Saved data entries:

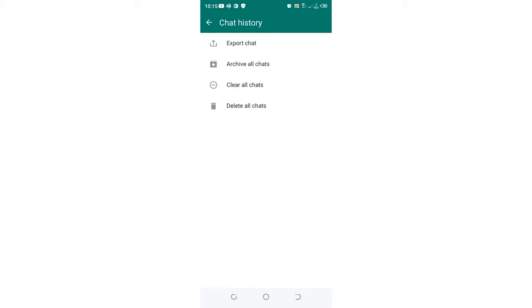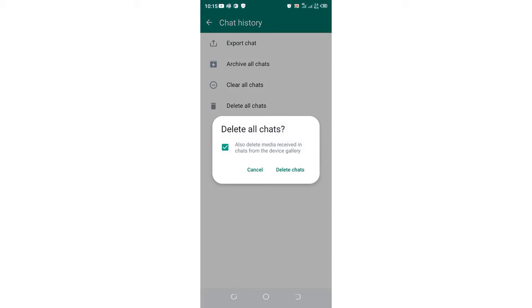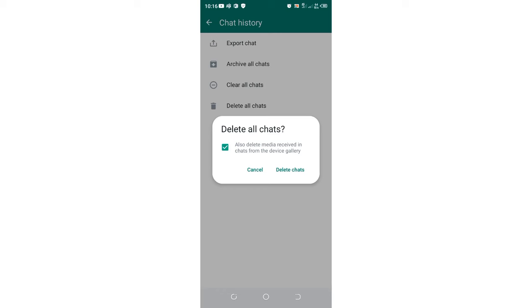After accessing Chat History, click Delete All Chats. You'll see an option to also delete WhatsApp media - this will delete media received in chats from the device gallery. It will delete all information or media sent through WhatsApp in your gallery after using this command. Eventually we want to clear all the chats in WhatsApp.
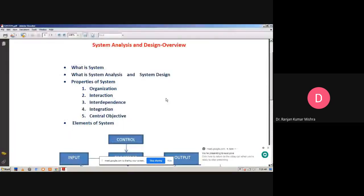Hello, good morning, students. Today we discuss about the overview of system analysis and design.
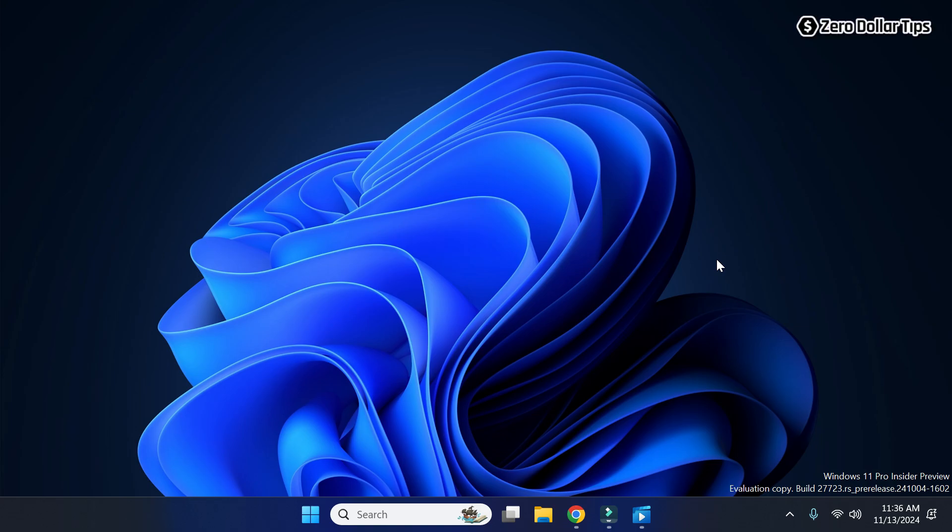Hi guys, if you want to enable loudness equalization on Windows 11, then let's see how to do it.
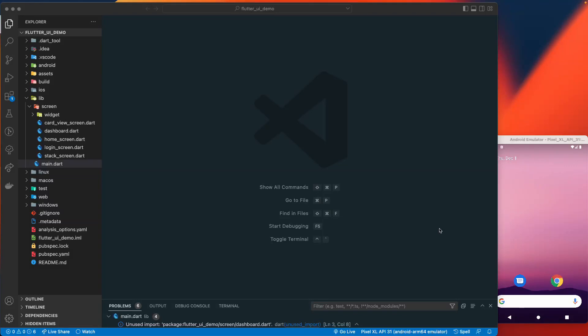Hello and welcome back. Let us continue with our lesson. Today we are going to learn about the list and how we can create a list view in our Flutter application, as well as in SwiftUI and Jetpack Compose. Let us get started.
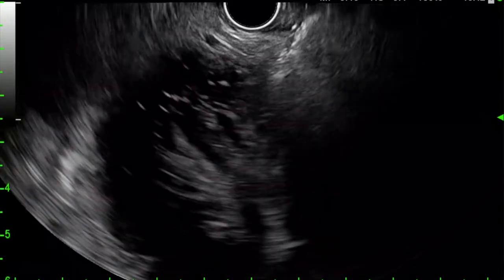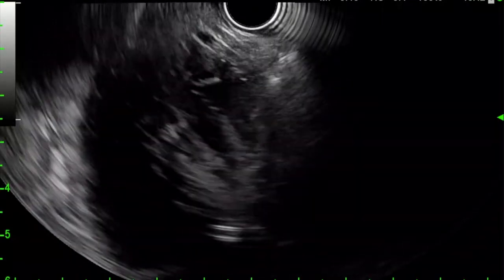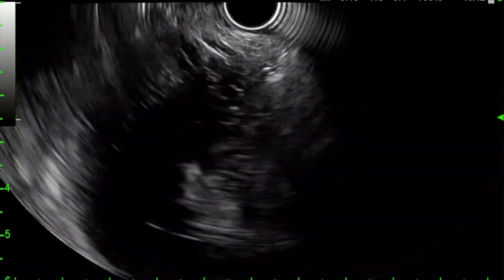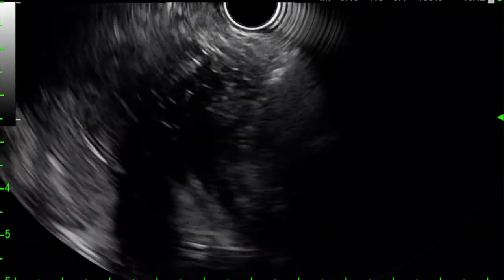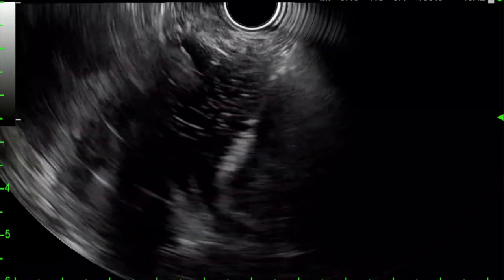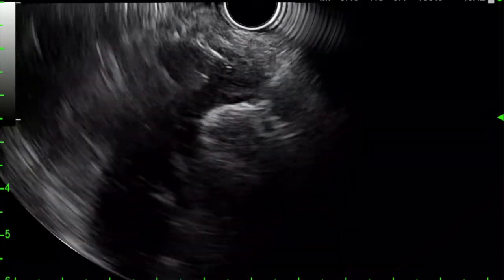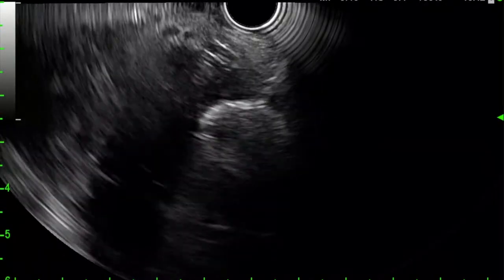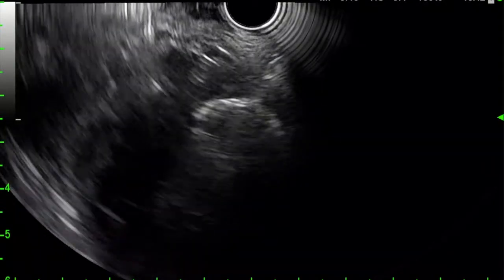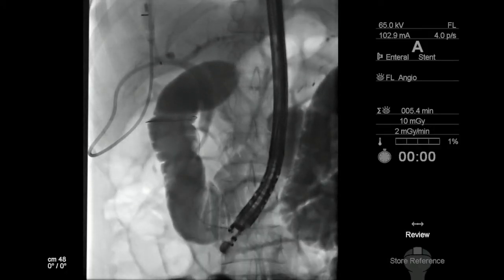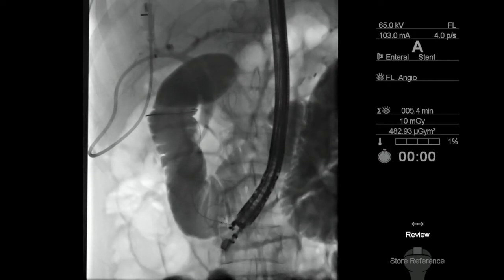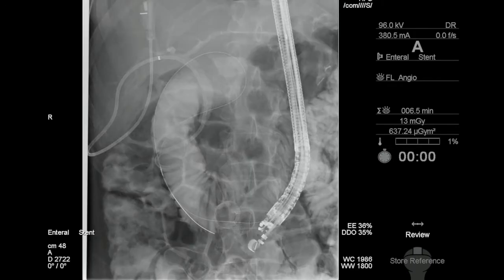A therapeutic channel linear echoendoscope preloaded with the LAMS catheter and a long guidewire was advanced into the jejunal Roux limb in close opposition to the jejunal pancreaticobiliary limb. An electrocautery-enhanced lumen-apposing metal stent catheter was advanced through the small intestinal wall of the Roux limb and into the pancreaticobiliary limb. The distal flange was deployed under endosonographic and fluoroscopic guidance into the small bowel, and the proximal flange was deployed under endoscopic visualization within the Roux limb. The preloaded guidewire was then advanced and coiled into the pancreaticobiliary limb.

▸ PROBLEM TO WORK ON
The answer must be an exact copy of the lines above, from the start of the records through the line with "Hello and welcome", and of nothing else; no pictures belong in it.

▸ TASK RESPONSE
After accessing Chat History, click Delete All Chats. You'll see an option to also delete WhatsApp media - this will delete media received in chats from the device gallery. It will delete all information or media sent through WhatsApp in your gallery after using this command. Eventually we want to clear all the chats in WhatsApp.
Hello, good morning, students. Today we discuss about the overview of system analysis and design.
Hi guys, if you want to enable loudness equalization on Windows 11, then let's see how to do it.
Hello and welcome back. Let us continue with our lesson. Today we are going to learn about the list and how we can create a list view in our Flutter application, as well as in SwiftUI and Jetpack Compose. Let us get started.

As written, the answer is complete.